Copy the records exactly, every one of them.

◆ **Records from a data source**
______
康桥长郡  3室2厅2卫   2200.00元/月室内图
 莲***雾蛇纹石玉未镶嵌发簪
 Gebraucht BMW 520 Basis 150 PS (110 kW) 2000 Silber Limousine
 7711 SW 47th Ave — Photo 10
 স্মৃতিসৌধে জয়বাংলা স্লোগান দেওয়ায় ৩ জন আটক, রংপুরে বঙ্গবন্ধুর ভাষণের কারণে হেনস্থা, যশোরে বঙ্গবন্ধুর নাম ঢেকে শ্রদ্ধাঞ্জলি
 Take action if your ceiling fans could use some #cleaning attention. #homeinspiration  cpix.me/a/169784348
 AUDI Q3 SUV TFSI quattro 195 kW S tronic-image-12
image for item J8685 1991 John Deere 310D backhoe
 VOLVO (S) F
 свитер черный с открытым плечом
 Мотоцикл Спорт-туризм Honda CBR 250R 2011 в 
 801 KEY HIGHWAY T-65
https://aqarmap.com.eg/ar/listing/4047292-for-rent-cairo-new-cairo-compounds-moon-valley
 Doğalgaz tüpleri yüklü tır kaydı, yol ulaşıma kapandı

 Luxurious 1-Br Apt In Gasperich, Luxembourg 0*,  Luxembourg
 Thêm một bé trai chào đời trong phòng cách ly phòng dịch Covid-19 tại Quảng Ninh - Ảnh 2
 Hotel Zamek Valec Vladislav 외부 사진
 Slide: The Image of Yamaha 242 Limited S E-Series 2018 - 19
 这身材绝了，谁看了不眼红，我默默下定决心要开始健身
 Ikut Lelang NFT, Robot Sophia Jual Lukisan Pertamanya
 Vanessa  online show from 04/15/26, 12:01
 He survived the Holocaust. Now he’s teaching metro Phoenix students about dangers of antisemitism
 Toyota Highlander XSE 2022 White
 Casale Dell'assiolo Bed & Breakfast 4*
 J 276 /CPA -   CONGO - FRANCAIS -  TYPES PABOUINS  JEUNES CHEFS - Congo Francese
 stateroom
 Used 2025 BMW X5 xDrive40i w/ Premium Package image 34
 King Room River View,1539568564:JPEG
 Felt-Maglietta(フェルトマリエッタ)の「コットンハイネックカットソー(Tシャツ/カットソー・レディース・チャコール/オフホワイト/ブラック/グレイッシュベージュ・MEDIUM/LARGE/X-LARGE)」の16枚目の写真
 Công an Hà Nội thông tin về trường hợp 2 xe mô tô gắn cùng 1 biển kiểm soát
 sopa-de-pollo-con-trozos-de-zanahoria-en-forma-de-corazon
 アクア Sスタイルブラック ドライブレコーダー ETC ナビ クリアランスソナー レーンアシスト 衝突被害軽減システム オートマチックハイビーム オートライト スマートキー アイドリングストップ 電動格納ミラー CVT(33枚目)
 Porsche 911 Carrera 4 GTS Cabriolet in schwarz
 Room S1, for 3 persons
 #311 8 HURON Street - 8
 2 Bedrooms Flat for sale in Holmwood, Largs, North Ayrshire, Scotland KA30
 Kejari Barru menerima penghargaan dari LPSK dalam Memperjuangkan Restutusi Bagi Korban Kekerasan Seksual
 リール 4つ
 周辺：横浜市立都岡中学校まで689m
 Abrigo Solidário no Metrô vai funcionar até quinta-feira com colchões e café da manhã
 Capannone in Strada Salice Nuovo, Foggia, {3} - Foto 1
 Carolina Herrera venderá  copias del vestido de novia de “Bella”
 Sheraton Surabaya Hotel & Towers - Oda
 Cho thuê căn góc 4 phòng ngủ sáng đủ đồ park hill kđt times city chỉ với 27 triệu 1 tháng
______
◆ **Result below**
康桥长郡  3室2厅2卫   2200.00元/月室内图
 莲***雾蛇纹石玉未镶嵌发簪
 Gebraucht BMW 520 Basis 150 PS (110 kW) 2000 Silber Limousine
 7711 SW 47th Ave — Photo 10
 স্মৃতিসৌধে জয়বাংলা স্লোগান দেওয়ায় ৩ জন আটক, রংপুরে বঙ্গবন্ধুর ভাষণের কারণে হেনস্থা, যশোরে বঙ্গবন্ধুর নাম ঢেকে শ্রদ্ধাঞ্জলি
 Take action if your ceiling fans could use some #cleaning attention. #homeinspiration  cpix.me/a/169784348
 AUDI Q3 SUV TFSI quattro 195 kW S tronic-image-12
image for item J8685 1991 John Deere 310D backhoe
 VOLVO (S) F
 свитер черный с открытым плечом
 Мотоцикл Спорт-туризм Honda CBR 250R 2011 в 
 801 KEY HIGHWAY T-65
https://aqarmap.com.eg/ar/listing/4047292-for-rent-cairo-new-cairo-compounds-moon-valley
 Doğalgaz tüpleri yüklü tır kaydı, yol ulaşıma kapandı

 Luxurious 1-Br Apt In Gasperich, Luxembourg 0*,  Luxembourg
 Thêm một bé trai chào đời trong phòng cách ly phòng dịch Covid-19 tại Quảng Ninh - Ảnh 2
 Hotel Zamek Valec Vladislav 외부 사진
 Slide: The Image of Yamaha 242 Limited S E-Series 2018 - 19
 这身材绝了，谁看了不眼红，我默默下定决心要开始健身
 Ikut Lelang NFT, Robot Sophia Jual Lukisan Pertamanya
 Vanessa  online show from 04/15/26, 12:01
 He survived the Holocaust. Now he’s teaching metro Phoenix students about dangers of antisemitism
 Toyota Highlander XSE 2022 White
 Casale Dell'assiolo Bed & Breakfast 4*
 J 276 /CPA -   CONGO - FRANCAIS -  TYPES PABOUINS  JEUNES CHEFS - Congo Francese
 stateroom
 Used 2025 BMW X5 xDrive40i w/ Premium Package image 34
 King Room River View,1539568564:JPEG
 Felt-Maglietta(フェルトマリエッタ)の「コットンハイネックカットソー(Tシャツ/カットソー・レディース・チャコール/オフホワイト/ブラック/グレイッシュベージュ・MEDIUM/LARGE/X-LARGE)」の16枚目の写真
 Công an Hà Nội thông tin về trường hợp 2 xe mô tô gắn cùng 1 biển kiểm soát
 sopa-de-pollo-con-trozos-de-zanahoria-en-forma-de-corazon
 アクア Sスタイルブラック ドライブレコーダー ETC ナビ クリアランスソナー レーンアシスト 衝突被害軽減システム オートマチックハイビーム オートライト スマートキー アイドリングストップ 電動格納ミラー CVT(33枚目)
 Porsche 911 Carrera 4 GTS Cabriolet in schwarz
 Room S1, for 3 persons
 #311 8 HURON Street - 8
 2 Bedrooms Flat for sale in Holmwood, Largs, North Ayrshire, Scotland KA30
 Kejari Barru menerima penghargaan dari LPSK dalam Memperjuangkan Restutusi Bagi Korban Kekerasan Seksual
 リール 4つ
 周辺：横浜市立都岡中学校まで689m
 Abrigo Solidário no Metrô vai funcionar até quinta-feira com colchões e café da manhã
 Capannone in Strada Salice Nuovo, Foggia, {3} - Foto 1
 Carolina Herrera venderá  copias del vestido de novia de “Bella”
 Sheraton Surabaya Hotel & Towers - Oda
 Cho thuê căn góc 4 phòng ngủ sáng đủ đồ park hill kđt times city chỉ với 27 triệu 1 tháng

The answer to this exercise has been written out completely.